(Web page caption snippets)
■ ■ ■ ■

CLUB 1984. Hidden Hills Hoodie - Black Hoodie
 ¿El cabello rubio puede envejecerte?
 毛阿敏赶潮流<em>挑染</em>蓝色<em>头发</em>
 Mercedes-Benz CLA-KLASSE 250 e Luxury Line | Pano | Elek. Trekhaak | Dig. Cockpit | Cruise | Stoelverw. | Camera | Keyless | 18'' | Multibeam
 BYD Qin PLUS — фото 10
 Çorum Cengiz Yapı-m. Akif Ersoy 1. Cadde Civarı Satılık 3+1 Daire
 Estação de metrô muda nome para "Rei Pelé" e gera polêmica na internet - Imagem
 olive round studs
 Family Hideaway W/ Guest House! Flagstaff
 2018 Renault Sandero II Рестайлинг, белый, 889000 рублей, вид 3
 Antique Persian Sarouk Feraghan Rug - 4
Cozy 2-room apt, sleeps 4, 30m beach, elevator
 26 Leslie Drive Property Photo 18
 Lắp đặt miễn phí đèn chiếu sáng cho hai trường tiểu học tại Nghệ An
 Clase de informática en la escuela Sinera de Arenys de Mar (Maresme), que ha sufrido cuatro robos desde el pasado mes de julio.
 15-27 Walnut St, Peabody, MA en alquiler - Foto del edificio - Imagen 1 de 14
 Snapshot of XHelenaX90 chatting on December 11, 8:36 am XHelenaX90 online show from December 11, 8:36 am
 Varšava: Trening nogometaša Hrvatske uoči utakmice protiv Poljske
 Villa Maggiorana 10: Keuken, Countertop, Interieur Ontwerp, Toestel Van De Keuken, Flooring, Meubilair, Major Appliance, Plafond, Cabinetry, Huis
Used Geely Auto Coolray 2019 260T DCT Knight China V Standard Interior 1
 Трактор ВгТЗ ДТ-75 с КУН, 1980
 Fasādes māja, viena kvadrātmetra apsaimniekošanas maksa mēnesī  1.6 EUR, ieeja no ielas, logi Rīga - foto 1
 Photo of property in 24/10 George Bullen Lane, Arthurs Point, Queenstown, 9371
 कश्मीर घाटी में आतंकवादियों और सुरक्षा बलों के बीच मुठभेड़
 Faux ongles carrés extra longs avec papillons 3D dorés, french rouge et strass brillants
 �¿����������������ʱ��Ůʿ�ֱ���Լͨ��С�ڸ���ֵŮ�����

■ ■ ■ ■

* Required work
Which lines in the records above hold the string "Photo"? Copy each of them.

* Solution to this task
 26 Leslie Drive Property Photo 18
 Photo of property in 24/10 George Bullen Lane, Arthurs Point, Queenstown, 9371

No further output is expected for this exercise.